Contact (or surface touch) transmission - is introduced by touching contaminated surfaces (indirect contract route) and direct contact with the infector's hand. Surfaces can be contaminated by direct deposition of respiratory droplets as well as by the hand of the infector. Here we only considered non-porous room horizontal surfaces and special hand contaminated surfaces (desks, door handles, etc.).

2.2. Multi-route transmission model

Our multi-route model is developed with the capacity to be extended to evaluate infection risks in a location visiting network (Gao et al., 2016). We use i to denote a susceptible individual visiting location k, with infectors j = 1…N. The total infection risk of individual i in location k, r _i ^k, can be calculated combining the Wells-Riley equation (Wells, 1955) and the dose-response model (Nicas, 1996):

$$P_i^k=1-e^{-\left({\eta }_a{\mathrm{D}}_{\mathit{la}}^k+{\eta }_a{D}_{\mathit{sa}}^k+{\eta }_{\mathit{in}}{D}_{\mathit{in}}^k+{\eta }_m{D}_d^k+{\eta }_m{D}_{\mathit{hs}}^k+{\eta }_m{D}_{\mathit{hh}}^k\right)}$$ (1)

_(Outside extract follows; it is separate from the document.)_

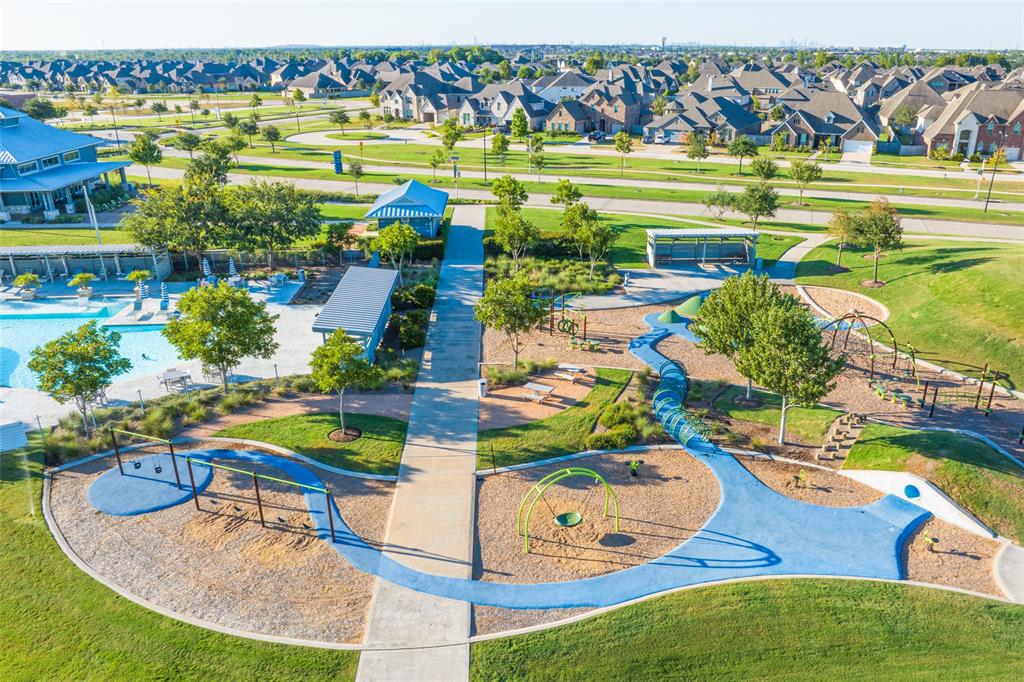 2427 Honeyberry Shrub Drive, Manvel, Texas image 12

The effectiveness of the viral dose introduced by the various routes is potentially different (relates to the presence of virus receptors in different regions of the respiratory tract as well as facial membrane). Hence, we introduce three dose-response coefficients, namely, η _a, η _in and η _m, to account for potential different dose-response rates via the airborne route, direct inhalation and exposure to facial membranes respectively. D _la ^k, D _sa ^k, D _in, ^k D _d ^k are exposure doses due to long-range airborne, short-range airborne, direct inhalation and direct deposition routes, respectively. D _hs ^k and D _hh ^k are exposure doses caused by hand contact with contaminated surface and direct hand to hand contact between the individual and the infector. The detailed mathematical derivation for each transmission route is provided in S1 Supplementary Material, and here we outlined the final equations and important parameters.

2.2.1. Exposure dose from the long-range airborne route

D_la^k, is calculated via estimating the steady-state concentration of droplet nuclei in room k and calculating the cumulative deposition infectious dose in susceptible's respiratory tract. We use d ₀ to denote the original diameter of the droplet when it was generated from the mouth, and d _r to denote the diameter of droplet nuclei or residue (final size). Then the total exposure dose is a function of: droplet generation rate,G _j(d ₀) from the infector; the respiratory deposition rate of droplet nuclei,E(d _r); pulmonary ventilation rate, p; exposure time of the individual in the location t _i ^k; virus concentration in the respiratory droplet generated from the infector j on the day T of the course of infection L(j,  T); room volume, V ^k, the air change rate (ACH) in the room, and particle loss rate due to the death in the air, χ _a, and room deposition, χ _d.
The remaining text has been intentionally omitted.